Collected data:

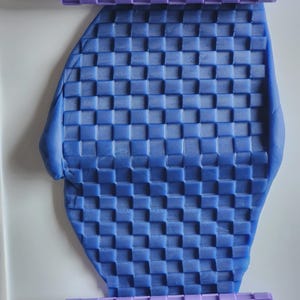 Pu&ograve; includere: Un mattarello cilindrico color viola chiaro con un motivo a griglia quadrata in rilievo, posizionato sopra e sotto un pezzo piatto di pasta modellabile blu che presenta la stessa texture a scacchi su tutta la sua superficie.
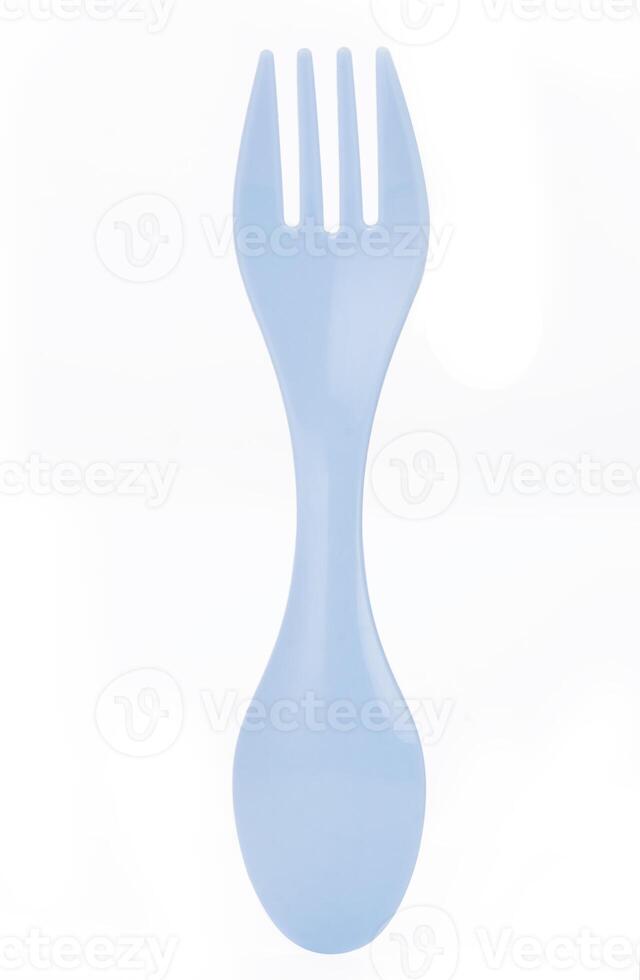 Blue plastic spork combining a spoon and fork in one utensil,isolated on a white background photo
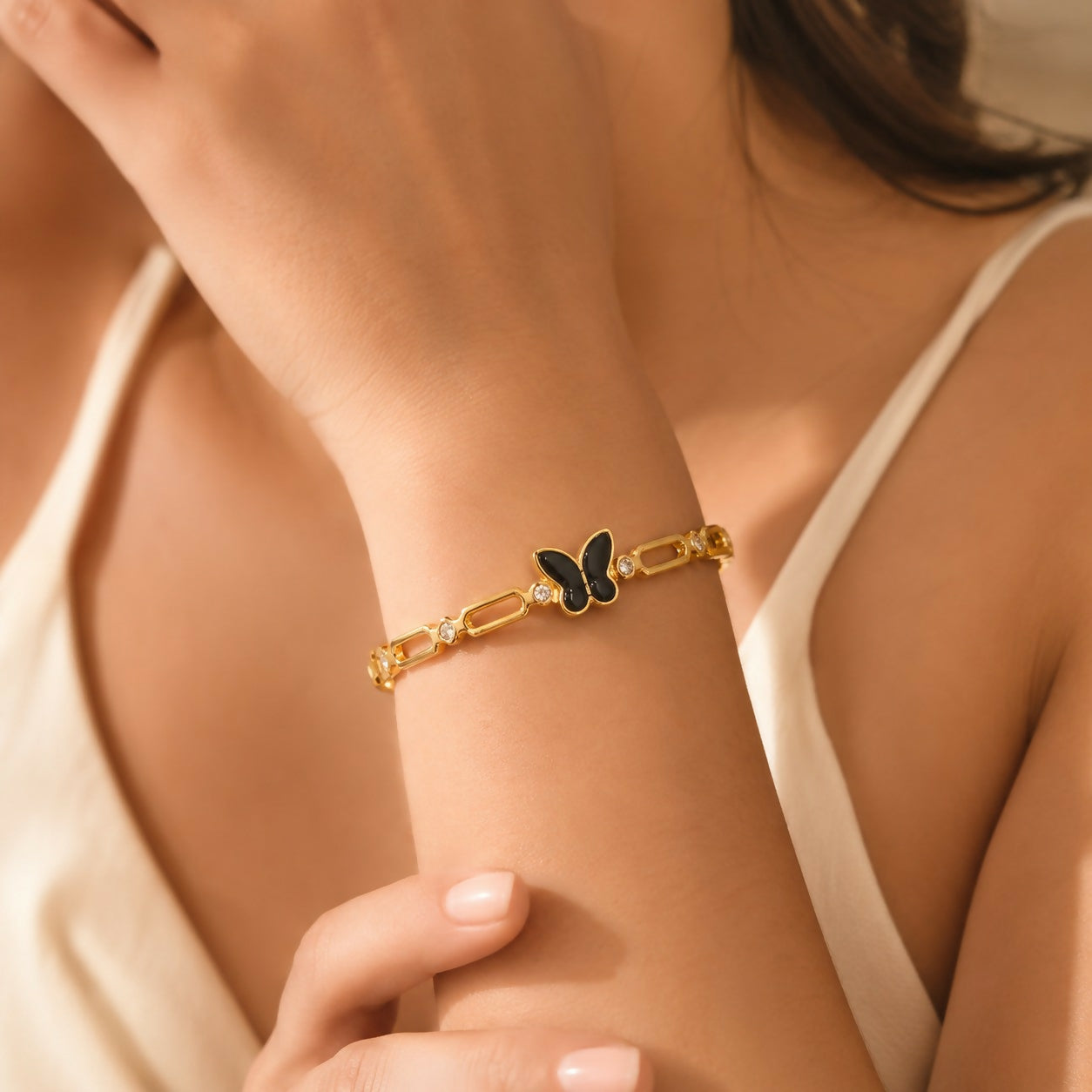 A woman's arm models the gold-tone bracelet with a black butterfly charm and clear crystal accents.
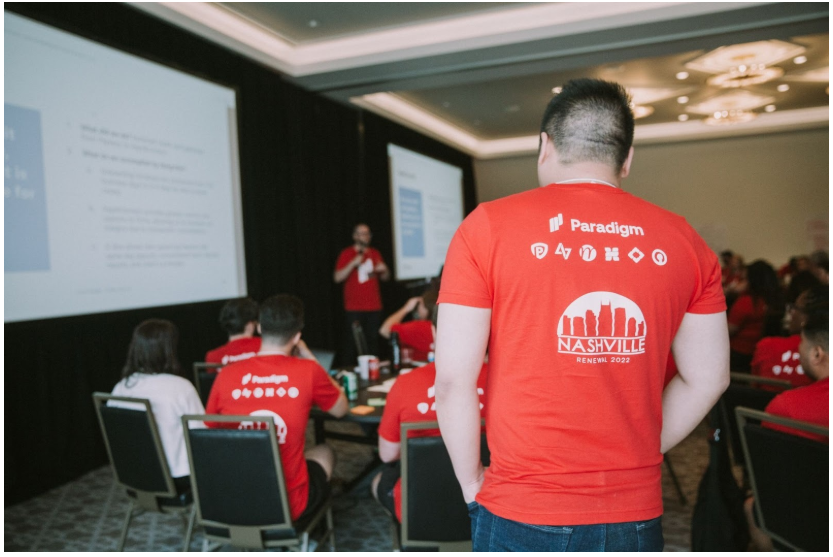 Paradigm team event with a presentation, attendee in a Paradigm Nashville shirt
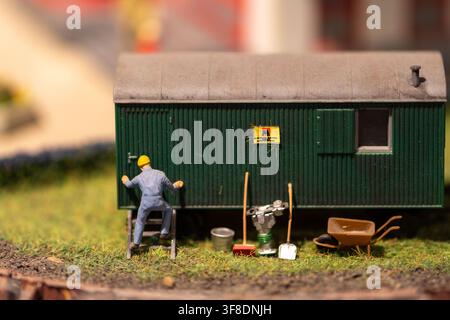 A close-up shows a miniature construction worker climbing a ladder beside a green corrugated cabin with tiny tools on grassy ground. Stock Photo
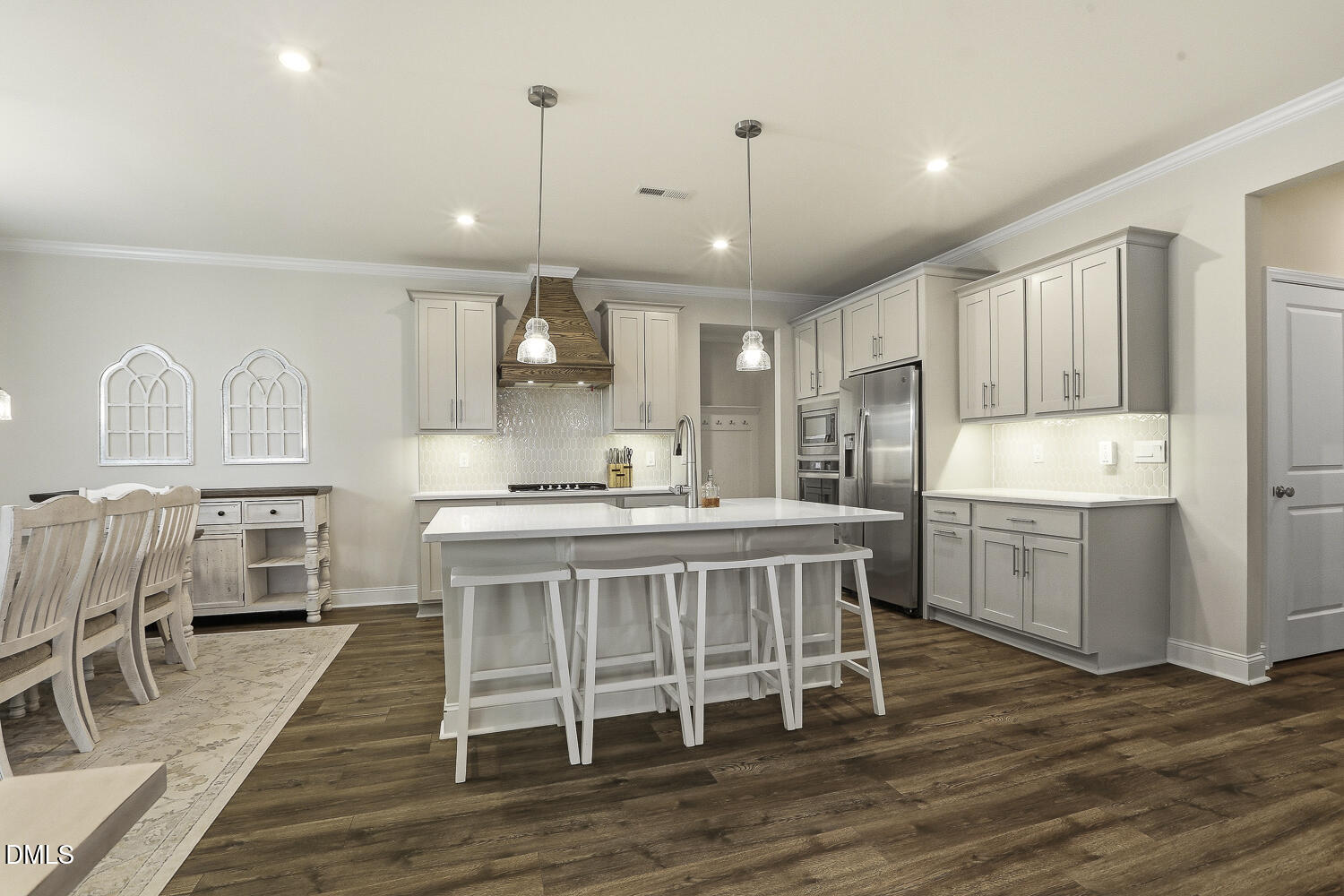 801 Oak Rose Lane Rolesville, NC 27571 - Photo 17 of 70 a kitchen with stainless steel appliances granite countertop a table chairs sink refrigerator and cabinets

*Task prompt:*
Your response must consist of the lines from the beginning of the data through the line containing "Blue plastic spork", transcribed exactly, with no pictures.

*Output of the exercise:*
 Pu&ograve; includere: Un mattarello cilindrico color viola chiaro con un motivo a griglia quadrata in rilievo, posizionato sopra e sotto un pezzo piatto di pasta modellabile blu che presenta la stessa texture a scacchi su tutta la sua superficie.
 Blue plastic spork combining a spoon and fork in one utensil,isolated on a white background photo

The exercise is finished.